El Espíritu Santo siempre ha estado presente en la Iglesia, porque la Iglesia no la fundó un ser humano, la fundó Jesucristo, verdadero Dios y verdadero hombre. Les he platicado cómo la Iglesia, que lleva XXI siglos, se representa con una barca. Imagínense ustedes una barca en el mar, y el mar muchas veces está tranquilo, está quieto, pero hay momentos en que en el mar hay olas, que está embravecido, hay vientos, y parece que la barca se va a hundir, pero ¿saben qué? Esta barca, que es la Iglesia, es guiada por el Espíritu Santo, y hay momentos difíciles, complicados, en la historia de la humanidad, en la historia de la Iglesia, pero la Iglesia sigue adelante.

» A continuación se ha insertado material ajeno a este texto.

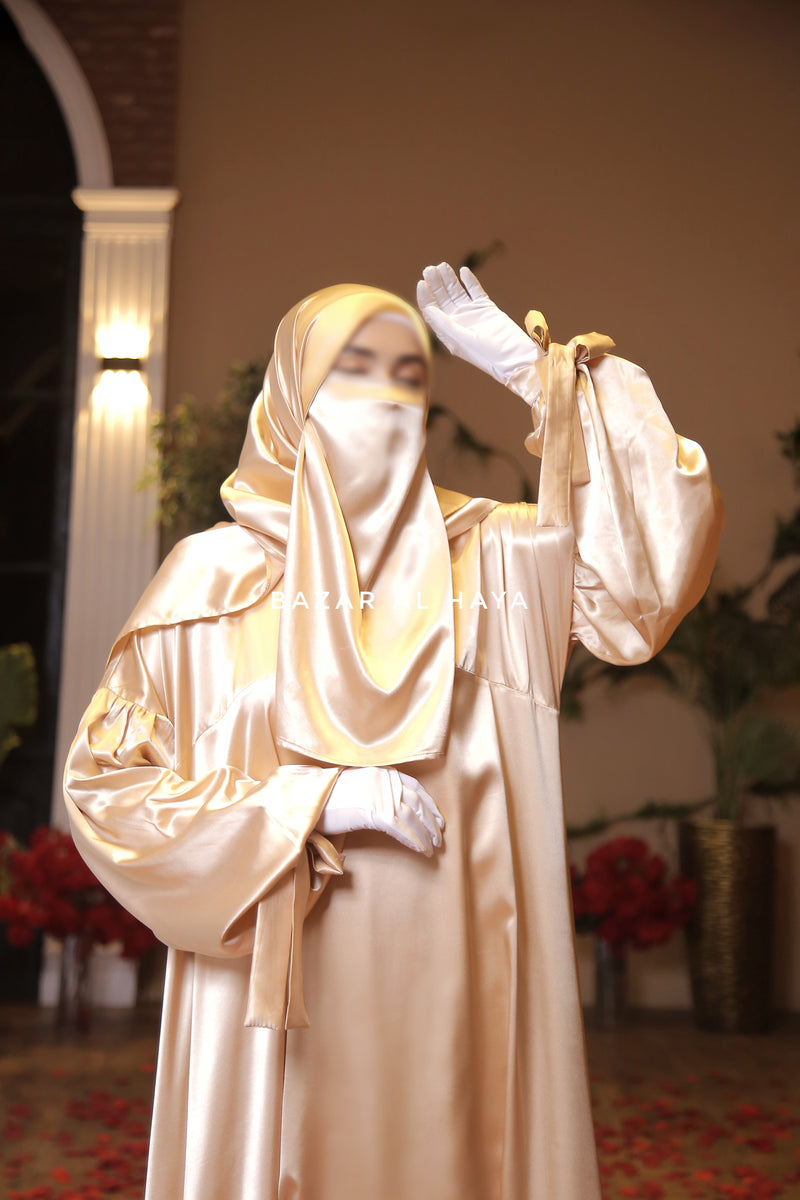 golden dress with hijab Gold Hijab Evening Dress 4934-02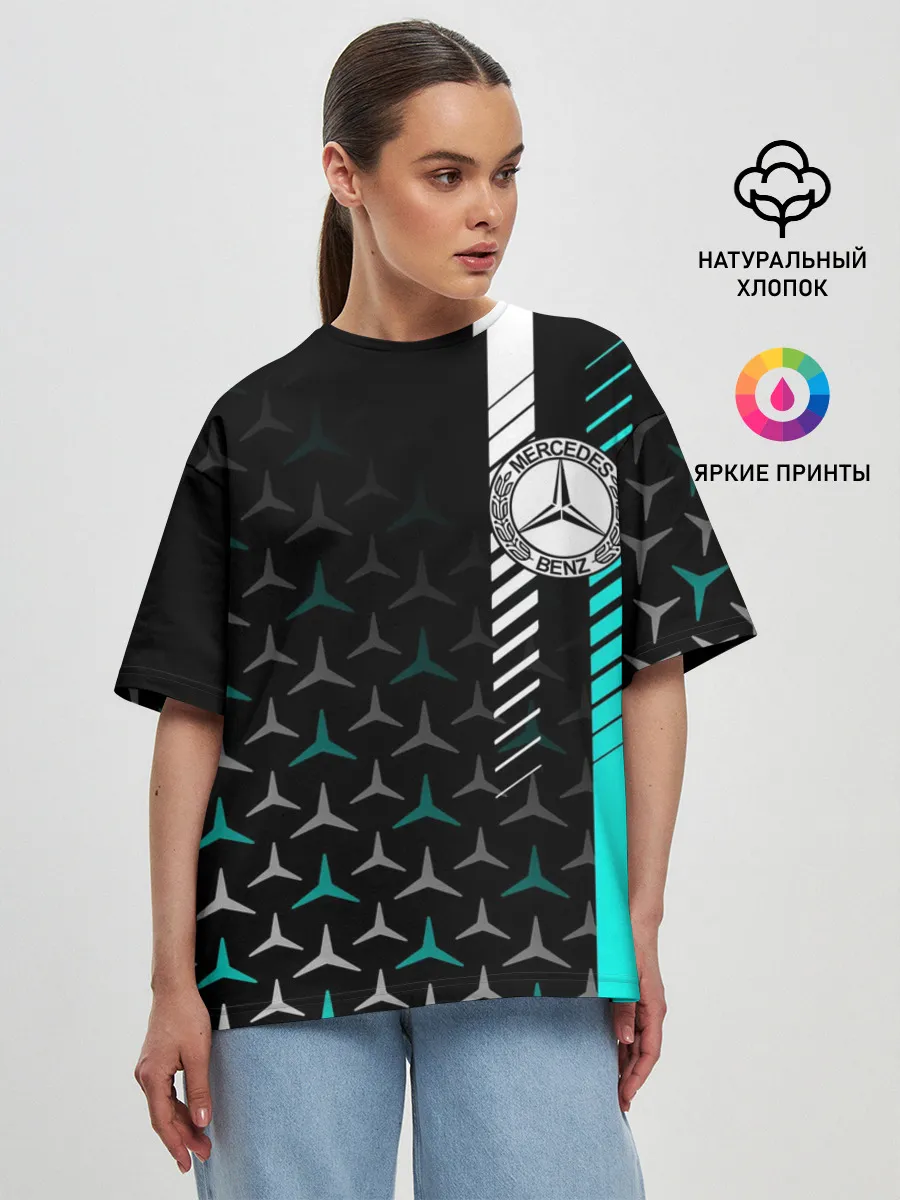 Женская футболка оверсайз / МЕРСЕДЕС / AQUA BLACK GRADIENT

Ha sido muy hermoso ver cómo nosotros también recibimos al Espíritu Santo desde el Bautismo, en la Confirmación; cómo el Espíritu Santo va renovando a nuestra Iglesia, aunque el Espíritu Santo no es propiedad de la Iglesia, el Espíritu Santo llega a todos lugares donde quiere, cuando quiere, en todo el mundo; el Espíritu Santo renueva la iglesia y también da seguimiento a la misión que es evangelizar.
Por eso, cuando recibimos los dones del Espíritu Santo, siempre van en función del bien común. Es importante ver en la Iglesia todos los movimientos, grupos, asociaciones que hay en la Iglesia, que son fruto del Espíritu Santo. El Espíritu Santo va suscitando también carismas en cada uno de nosotros, quien es catequista, quien está en el equipo de Liturgia, quien participa, como nos decía la segunda lectura de San Pablo a los corintios: «El cuerpo tiene muchos miembros, pero es un solo cuerpo», y Cristo es la cabeza, es el que nos va guiando, es el que le va dando, a través del Espíritu Santo, unidad a nuestro caminar.

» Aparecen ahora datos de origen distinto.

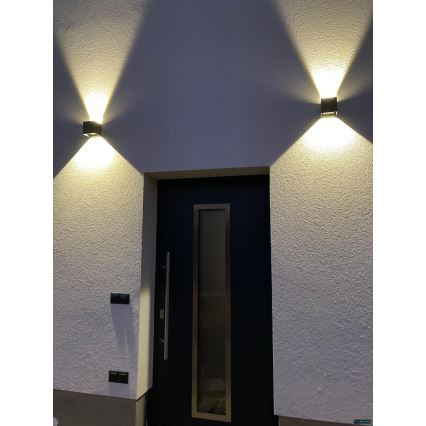 LED Zunanja stenska svetilka 2xLED/3W/230V IP54 antracit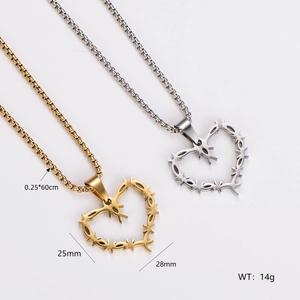 Thorn Heart Pendant Necklace 304 Stainless Steel Gothic Punk Hip Hop Jewelry Gift For Men Women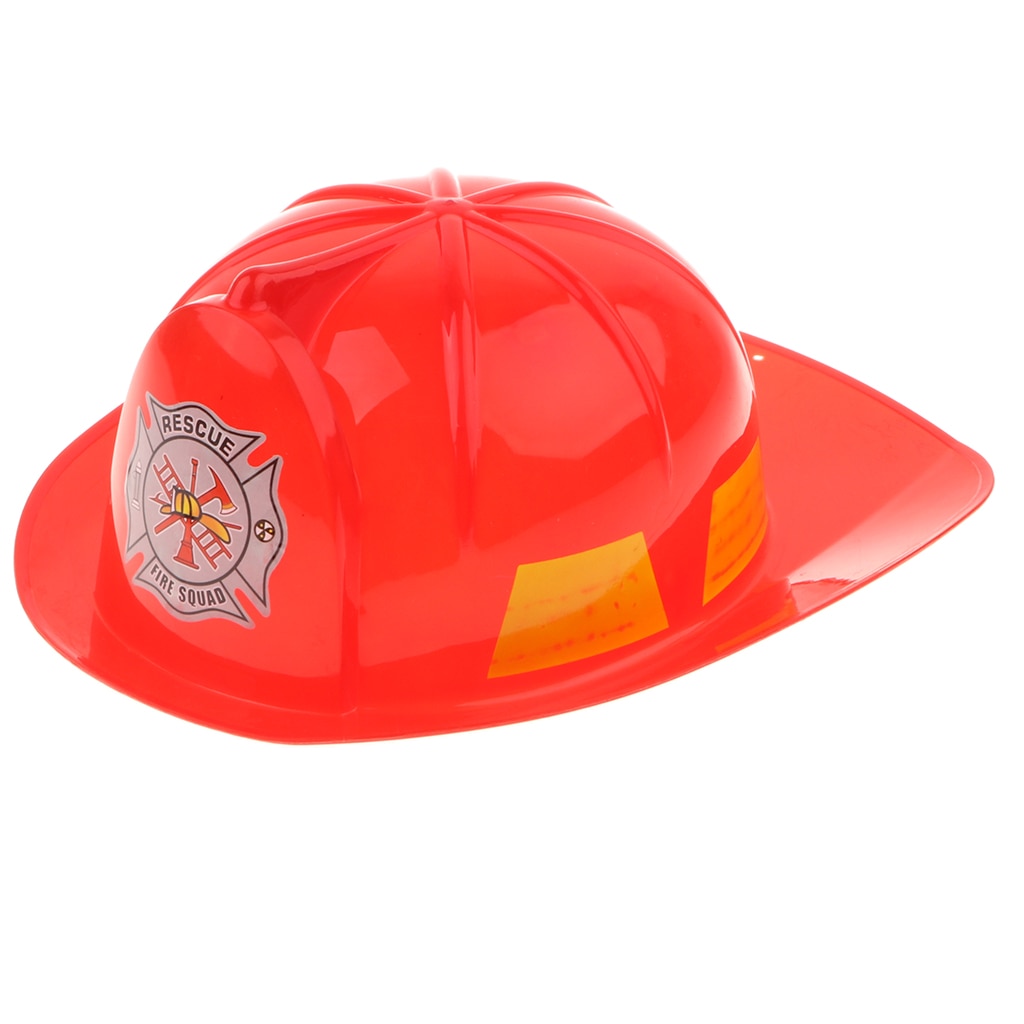 Kids Fireman Chief Safety Helmet Firefighter Hat Role Play Toy Fancy Dress Accessories – Red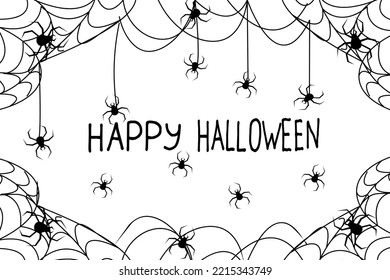 Creative halloween background with spiderweb, black spiders and inscription happy halloween. Halloween concept. Banner for halloween. 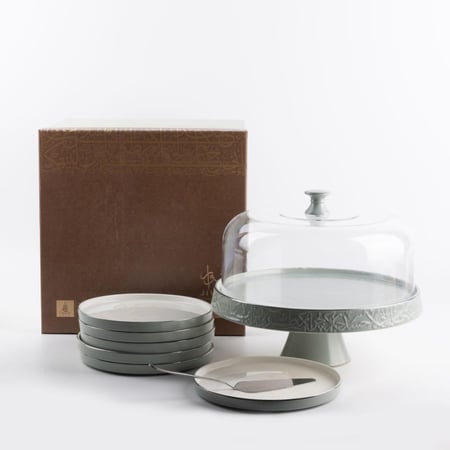 طقم تقديم الكيك 9 قطع من مجموعة جوار - رمادي و فضي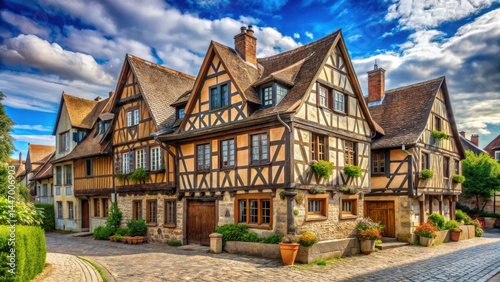 Fototapeta Naklejka Na Ścianę i Meble -  Traditional half-timbered house with ornate wooden facades and steeply pitched roofs surrounded by cobblestone streets , timber framing, french countryside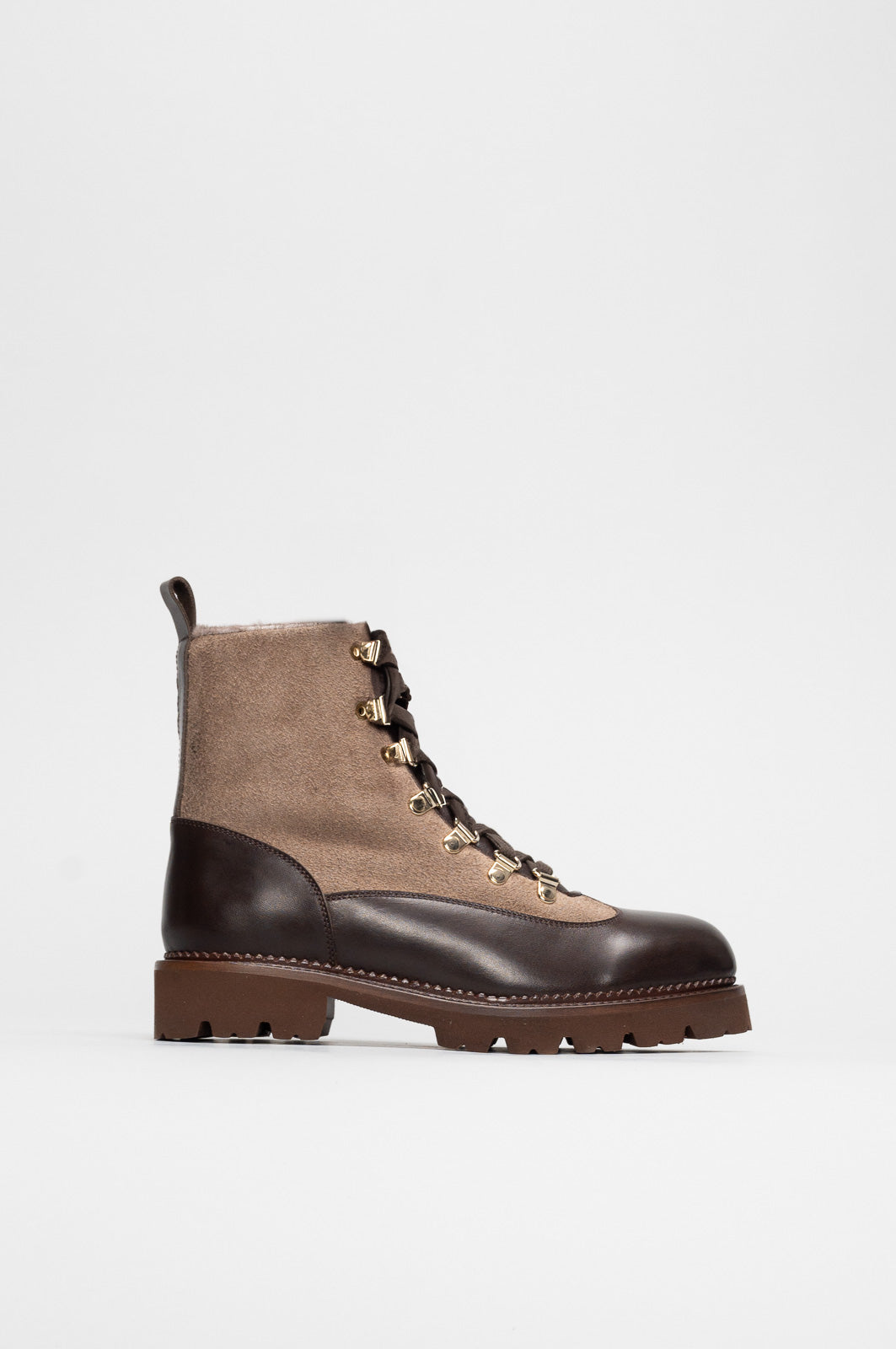 Shearling Lace-Up Boot Livia | Brown-Beige Leather & Suede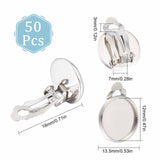 50Pcs 304 Stainless Steel Clip-on Earring Findings, Earring Settings, Flat Round, Stainless Steel Color, 18x13.5x7mm, Hole: 3mm, Tray: 12mm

Así es que hoy yo quiero invitarles para que sintamos esa experiencia del Espíritu Santo. El Espíritu Santo, que da sabiduría, que da consejo, los dones de la piedad, del temor de Dios, de la ciencia, del entendimiento, y también los frutos que da el Espíritu es la alegría, es la colaboración, es la solidaridad, es buscar el bien de los demás. En esta fiesta de Pentecostés termina todo este tiempo pascual, donde Cristo resucitado va llegando al corazón de muchos a través de la predicación de los Apóstoles, de las primeras comunidades.
Y también aquí en nuestra Arquidiócesis, el domingo pasado salimos como misioneros y misioneras de la Paz a tocar puertas, a tocar corazones, y a invitar para que vayamos siendo protagonistas sobre todo en el tema de la Paz, los famosos conversatorios. Ahorita que venía en procesión, antes de pasar por el claustro, saludé a gente y les pregunté qué estaban haciendo, y me decían: “estamos conversando sobre la Paz”. Hoy, durante este día, vendrán otras personas, pero puede ser una experiencia que nosotros hagamos en nuestras casas, en nuestras familias, y también nos preguntemos si vamos siendo misioneros, misioneras, si nos dejamos guiar por el Espíritu Santo.
Así es que el Espíritu Santo guía a la Iglesia y nos guía a todos nosotros. Que sea una bella experiencia de recibir al Espíritu Santo en nuestro corazón, que seamos conscientes y que también lo mostremos a través de nuestra palabra y también de nuestras obras. Así sea.